One thing is crystal clear, though: when people cannot distinguish fact from fiction, it is the powerful corporations, interest groups, and autocrats who stand to profit the most. By muddying the waters of truth, they can easily sway public opinion and advance their own agendas, often at the expense of the common good.

When all it takes to make a damning story go away is to pay money for AI-generated public opinion, who does this benefit? Autocrats and corporate bad actors would then have a greater incentive to break the rules. This is especially true when there is a monetary reward for breaking the rules – then you get to break the rules and avoid any social consequences by paying for AI public opinion with the money you fraudulently made.

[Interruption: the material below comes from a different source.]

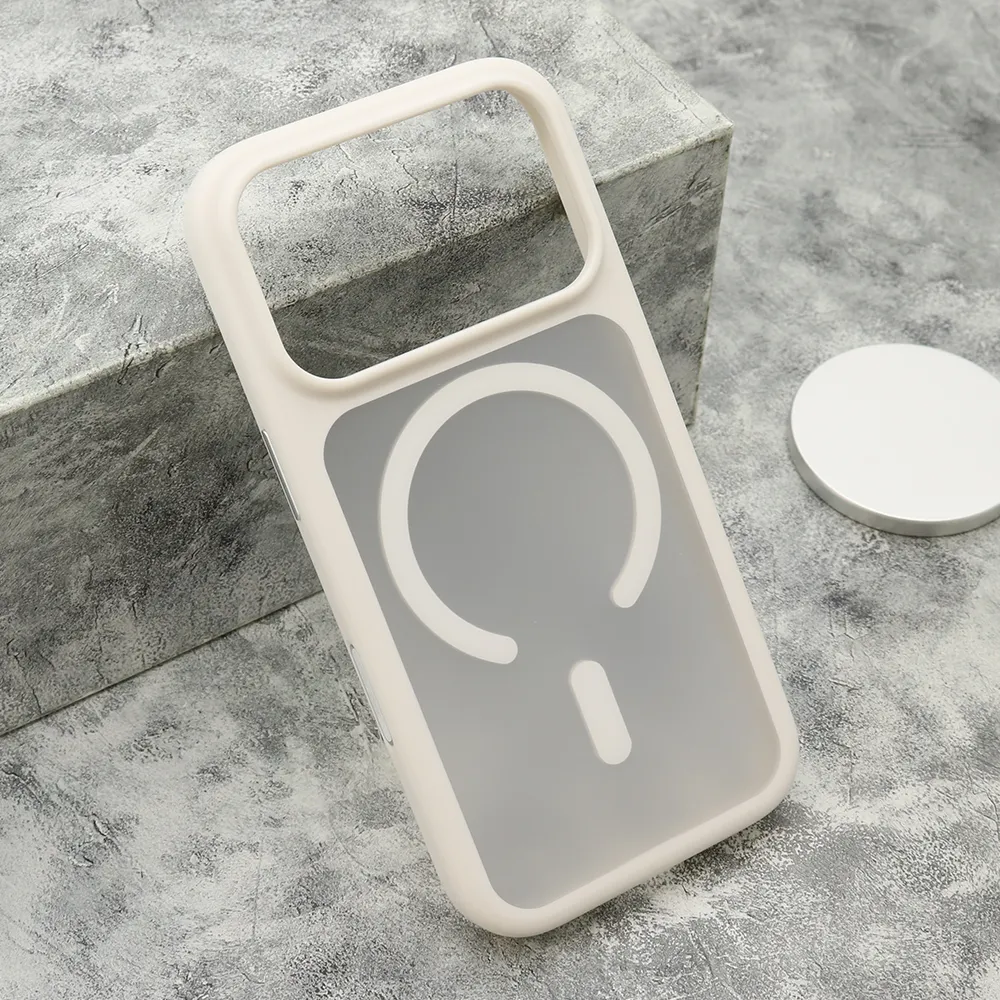 Futrola SHADOW MagSafe za Iphone 18 Pro (6.3) bela (big camera)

But let's take a step back for a moment. Just because such scenarios could happen doesn't necessarily mean that they will happen. What if AI companies are run by highly ethical people who have the public interest in mind? What if these companies wish to provide as much value as possible to users and open-source much of their code? What if they even pay a portion of their revenue to content creators and users for the data used to train the models? Wouldn't that make a dystopian AI future unlikely?

A multipolar trap

The problem with the current incentive structure is that even if you have fifty AI companies run by highly ethical people, it still only takes one unscrupulous company to create a race to the bottom toward dystopia. Then everyone either has to adopt a similar destructive strategy or go out of business.

If just one company uses copyrighted data to train the AI, it can create a more advanced AI than its competitors. A more advanced AI means the company would have a competitive advantage and would get more users (and thus more revenue). This, in return, would allow the company to hire more developers and further enhance the AI and its infrastructure. Unless other AI companies also start using copyrighted data, they'd have a tough time competing with the bad actor.

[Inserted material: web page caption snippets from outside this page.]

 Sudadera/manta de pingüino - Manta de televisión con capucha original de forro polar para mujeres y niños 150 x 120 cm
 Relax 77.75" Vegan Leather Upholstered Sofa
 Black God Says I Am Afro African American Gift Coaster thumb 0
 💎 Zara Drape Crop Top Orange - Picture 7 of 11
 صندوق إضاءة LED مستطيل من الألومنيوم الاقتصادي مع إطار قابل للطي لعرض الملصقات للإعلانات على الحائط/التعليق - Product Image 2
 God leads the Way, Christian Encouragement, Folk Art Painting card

The same dynamic would work for an AI company that sells AI bot "armies." This strategy could help the company create an additional revenue stream, but it can also lead it to using AI-generated public opinion to undermine the credibility of its competitors. Unless these competitors fight back, they're likely to lose both their good reputation and, eventually, their user base.

If one bad actor is all it takes to end up in an AI dystopia when we rely on the high ethics of the people running AI companies, what else can we do?

Is open-source AI the solution?

What if we develop an open-source AI to counter the proprietary versions? Would that help change the trajectory? The open-source version would not be able to detect if any single online post is AI-generated or not, but it would be able to detect broader behavioral patterns and inconsistencies both in user posts and in online social groups, and determine if the behavior is by real people or simulated by AI. By doing so, it would be able to determine if any narrative spread on social media is the result of real human sentiment or an artificial manipulation. Similarly, OS AI could also determine if other AI uses copyrighted datasets.

Only an open-source version of AI would be able to credibly make such claims since it would be possible to audit the data and computation process. This would not be possible with a proprietary version since it can always fabricate claims about such patterns and inconsistencies, and there would be no way to validate the claims either way.

Does that mean that an open-source version of AI can solve the problem of AI misalignment by exposing AI bot armies and the use of copyrighted data? Not exactly. Patterns in AI data are a moving target. Once a pattern is detected, the rival AI can learn to change its behavior until it is no longer detectable again. This means that proprietary and open-source AI systems would essentially enter into an arms race. One side would develop ever more advanced (offensive) capabilities of simulating user and group behavior on social media, while the other side would get better at defensive capabilities – exposing such simulations.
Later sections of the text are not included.